Almost certainly. The people still in the room had begun to stir. Then some heavy-duty thumping started up somewhere else in the house, maybe over where Vicious Min was supposed to be sleeping.

“Penny, run across and tell Moonblight. .”

I didn’t have to finish. Mr. Tentacle had put the hoodoo on the kid, big-time. In seconds Moonblight was headed up the hallway looking grimly angry and as scary as Shadowslinger in a sour mood. She told me, “Stay out of the way, candy-ass!” Then, “My gods! I am going to blister that girl’s butt when I catch her.”
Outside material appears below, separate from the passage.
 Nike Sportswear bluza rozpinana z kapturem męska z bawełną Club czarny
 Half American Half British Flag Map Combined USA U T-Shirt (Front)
She knew what was out there and who to blame for its having come around. So. Here was more family squabble, of the sort where somebody was supposed to wind up hurt. Moonblight flung the door open and to hell with being fussed about what might be out there.

Tentacle-boy was right where we left him. But he-she-or-it wouldn’t be aggravating anyone else any time soon. Something had happened. Something that wasn’t all those bolts and arrows totaled up.

Something had carved off big chunks, including tentacles, legs, an arm, and a head. One big eye still had a dagger lodged in it, tip stuck solidly in the creature’s weird, cartilaginous skull.

Moonblight opined, “Well, hell, this isn’t so good.”

“Looks good to me,” I had to say. The contest in the street was breaking up. Bad boys had begun showing their heels with verve and enthusiasm. Tin whistles were putting the captured and fallen into restraints, ignoring wounds, taking no chances on dead guys only faking it.

There did seem to be an excessive number of fatalities. Red tops try to take their men alive. Prisoners can be passed along to the labor camps, where they pay their debts to society by contributing to public works. Plus, the camps pay prize money for breathing bodies.